Thursday, December 3, 2009

Peas & Carrots in Sesame Sauce

Growing up, we ate a lot of carrots as my mom grew them in her garden. While she used lots of carrots in sauces and stews, I remember carrots most in a slightly buttery sauce with peas. One of my great aunts grew lots of peas in her garden, and we had a steady supply of fresh peas during the summer. We had homegrown carrots well into the fall and early winter as my mom kept them in the dark cellar covered with a bit of moist sand.
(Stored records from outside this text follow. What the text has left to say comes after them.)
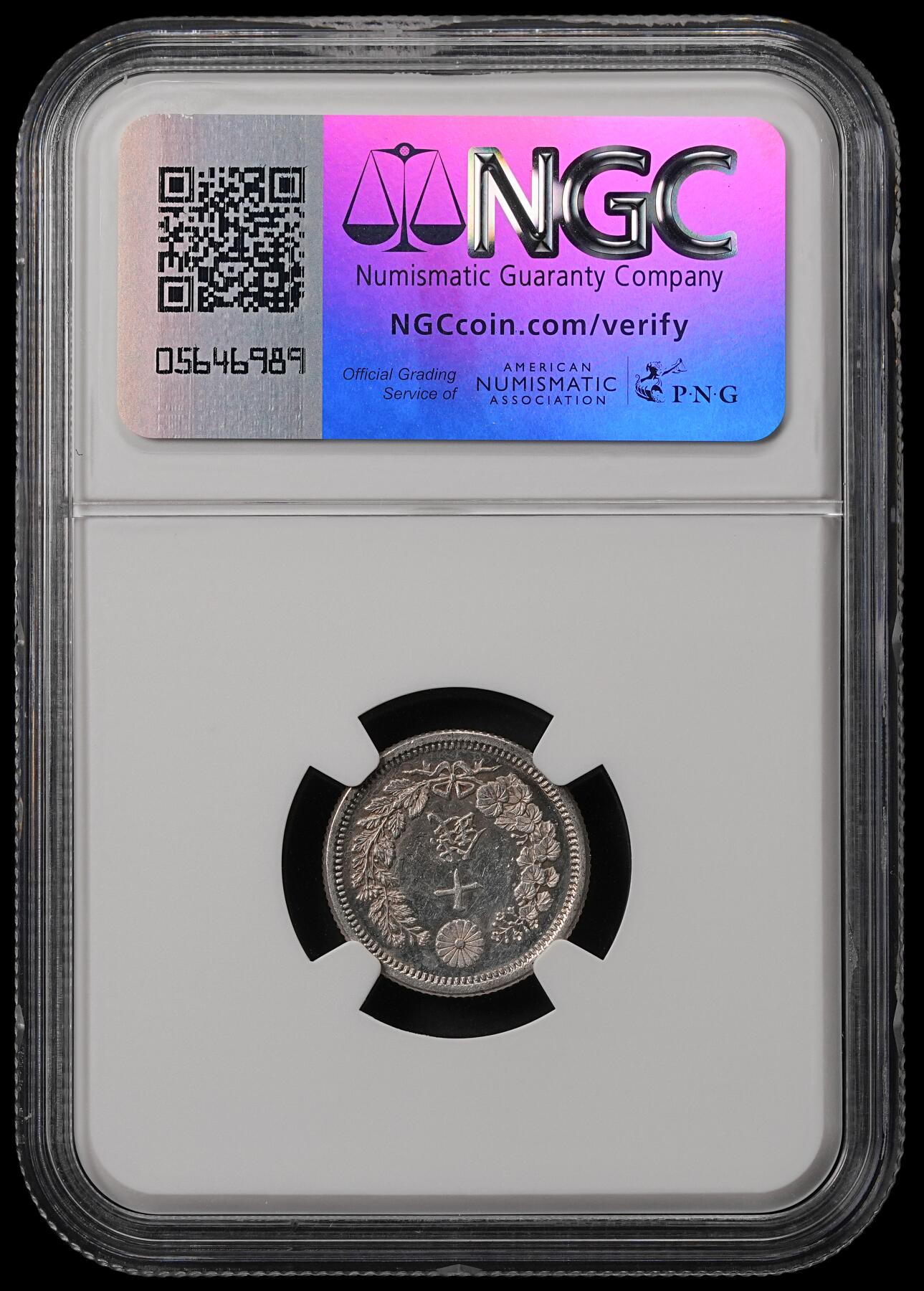 修遠堂世界钱币第五十六期 全场包邮 蛇年首拍 NGC MS64PL 明治八年龙十钱银币 稀少类镜面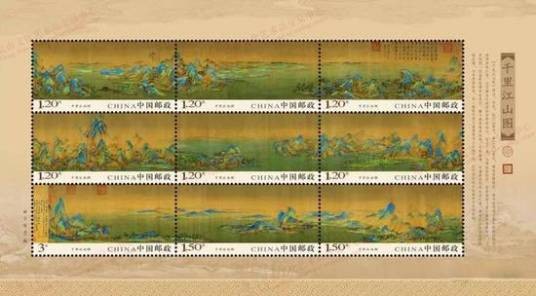 千里江山图(王虎鸣设计的特种邮票)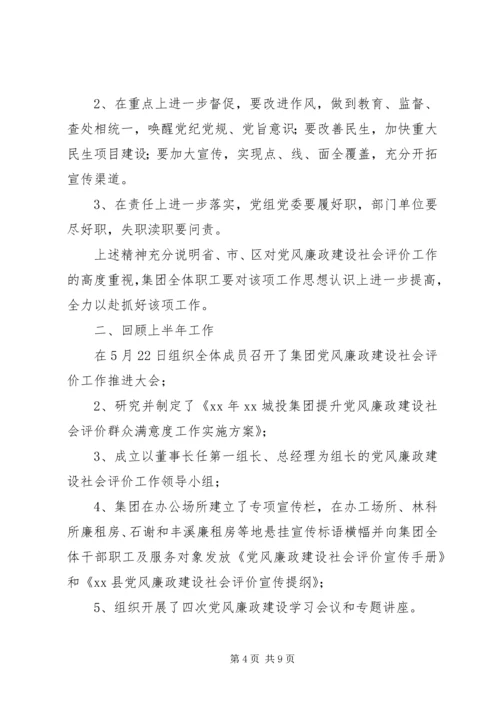 鲁溪镇小学推进党风廉政建设社会评价工作方案 (4).docx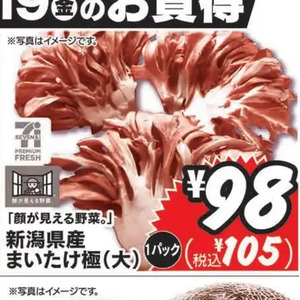まいたけ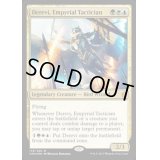 [EX+]浄火の戦術家、デリーヴィー/Derevi, Empyrial Tactician《英語》【Commander Anthology】
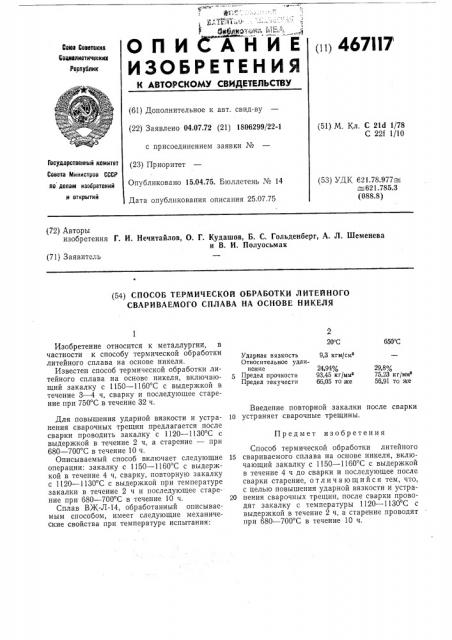 Способ термической обработки литейного сплава на основе никеля (патент 467117)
When there were no more fresh peas, she used a can of peas to make her peas & carrots dish.


We go through a lot of carrots in our house these days (unfortunately not homegrown). And the other day I realized that I hadn’t made (or eaten) peas & carrots in a very long time. I didn’t want to make the “usual” peas and carrots in a buttery sauce, so I added a bit of sesame sauce.


Peas & Carrots in Sesame Sauce


Ingredients

  • 6-7 large carrots, cut into slices
  • 2 cups frozen peas, thawed
  • 1 medium sized onion, diced
  • 3 cloves of garlic, minced
  • 3 tablespoons rice vinegar
  • 2 tablespoons low sodium soy sauce
  • 1 teaspoon sesame oil (or a bit more)
  • A few drops of agave nectar
  • toasted sesame seeds


I cut the carrots into slices on an angle.



I started by sautéing the diced onion in a bit of oil. Then I added the sliced carrots. After the carrots cooked for a few minutes, I added the minced garlic. I sautéed the carrots for about 7 minutes (they were still quite firm). Then I added the peas. Next I mixed together the soy sauce, vinegar, sesame oil, & agave nectar and added the sauce to the pan. I let everything cook for another 3-4 minutes until the liquid reduced a bit and the vegetables had absorbed the sauce. The carrots still had a bit of bite. Lastly, I added the toasted sesame seeds.


And here is the finished dish.




Questions: What is your favorite way to eat carrots? What’s your favorite way to eat peas?